6. Claude Code introduces Auto Mode with safety classifiers
Anthropic has added an Auto Mode to Claude Code that utilizes a two-layer classifier to evaluate command safety. The system automatically approves safe operations while blocking risky commands, reducing the need for manual developer intervention. This provides a middle ground between requiring explicit approval for every action and allowing full, unmonitored agent autonomy.
7. llm-d joins CNCF to provide native Kubernetes LLM inference
IBM Research, Red Hat, and Google Cloud have donated the llm-d project to the Cloud Native Computing Foundation (CNCF). The framework provides a production-grade, distributed LLM inference stack built natively for Kubernetes using vLLM. This integration allows infrastructure teams to manage and scale large language model deployments using standard Kubernetes orchestration patterns.

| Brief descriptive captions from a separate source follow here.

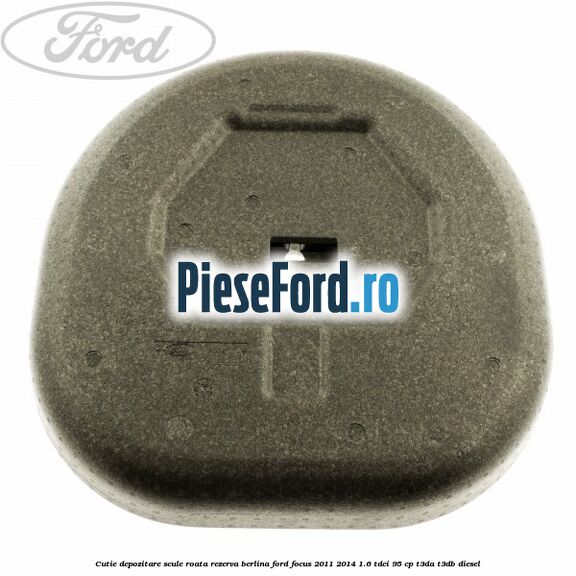 Cutie depozitare scule roata rezerva berlina Ford Focus 2011-2014 1.6 TDCi 95 cp T3DA, T3DB diesel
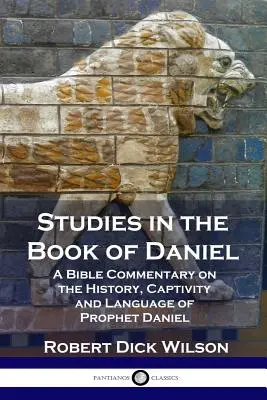 Štúdie o knihe Daniel: Biblický komentár k dejinám, zajatiu a jazyku proroka Daniela - Studies in the Book of Daniel: A Bible Commentary on the History, Captivity and Language of Prophet Daniel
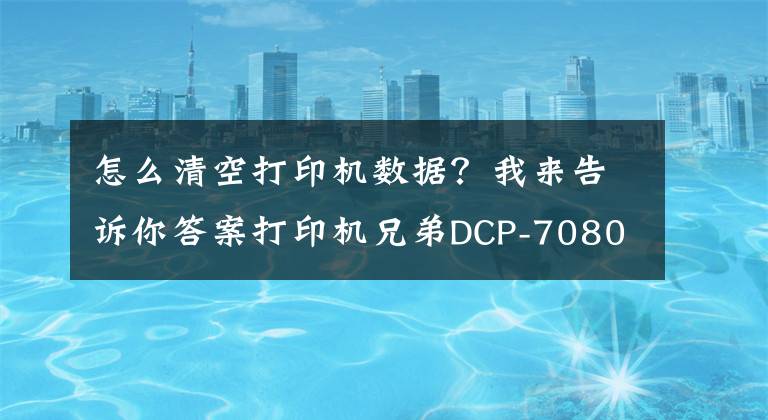 怎么清空打印機數(shù)據(jù)？我來告訴你答案打印機兄弟DCP-7080提示墨粉用盡清零的技巧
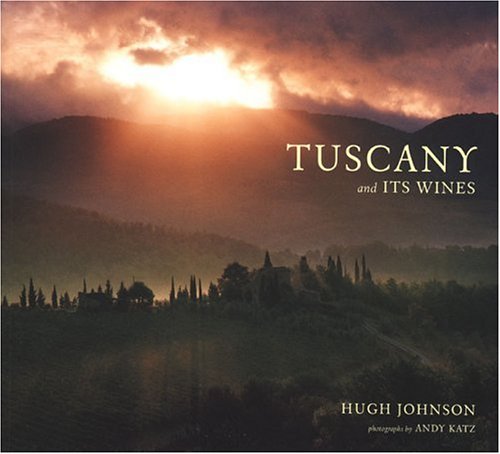 Tuscany and Its Wines (Paperback)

8. Claude Platform launches Compliance API for audit logging
Anthropic has introduced a Compliance API for the Claude Platform to help administrators monitor user and system activities. The API tracks administrative actions, system events, and resource modifications such as file creation or deletion. Organizations can integrate these audit logs into their existing compliance and security monitoring systems by generating an admin API key through their account team.
9. Transformers.js v4 introduces WebGPU runtime
The release of Transformers.js v4 includes a new WebGPU Runtime for running machine learning models directly in the browser. This update allows developers to use the same Transformers.js codebase across a wide variety of JavaScript environments with hardware acceleration. The WebGPU integration significantly improves client-side inference performance for web applications.
10. KwaiKAT releases KAT-Coder-Pro V2 non-reasoning coding model
KwaiKAT has launched KAT-Coder-Pro V2, a proprietary non-reasoning coding model featuring a 256K context window. The model matches Claude Sonnet 4.6 on the Artificial Analysis Intelligence Index while operating at a lower cost of $0.30 per 1M input tokens and $1.20 per 1M output tokens. It achieves high token efficiency and low latency by avoiding the reasoning delays typical of frontier models, though it shows some regression in long-context knowledge recall compared to its predecessor. The model is accessible via StreamLake and AtlasCloud API endpoints.
11. Preview: Ollama introduces MLX backend for Apple Silicon acceleration
Ollama has released a preview version built on Apple's MLX machine learning framework to accelerate local inference on macOS. The update leverages unified memory and GPU Neural Accelerators on M5-series chips to improve both time-to-first-token and generation speeds. It also introduces support for NVIDIA's NVFP4 quantization format and improves cache reuse across conversations, specifically optimizing performance for local coding agents like OpenClaw and Claude Code.
12. Universal CLAUDE.md configuration reduces agent verbosity
An open-source CLAUDE.md configuration file has been released to help developers control the output verbosity of the Claude Code agent. By dropping the file into a project root, developers can suppress sycophantic responses, unsolicited suggestions, and formatting noise without modifying application code. The configuration reduces output token consumption by approximately 63%, making it highly useful for automation pipelines and repeated structured tasks.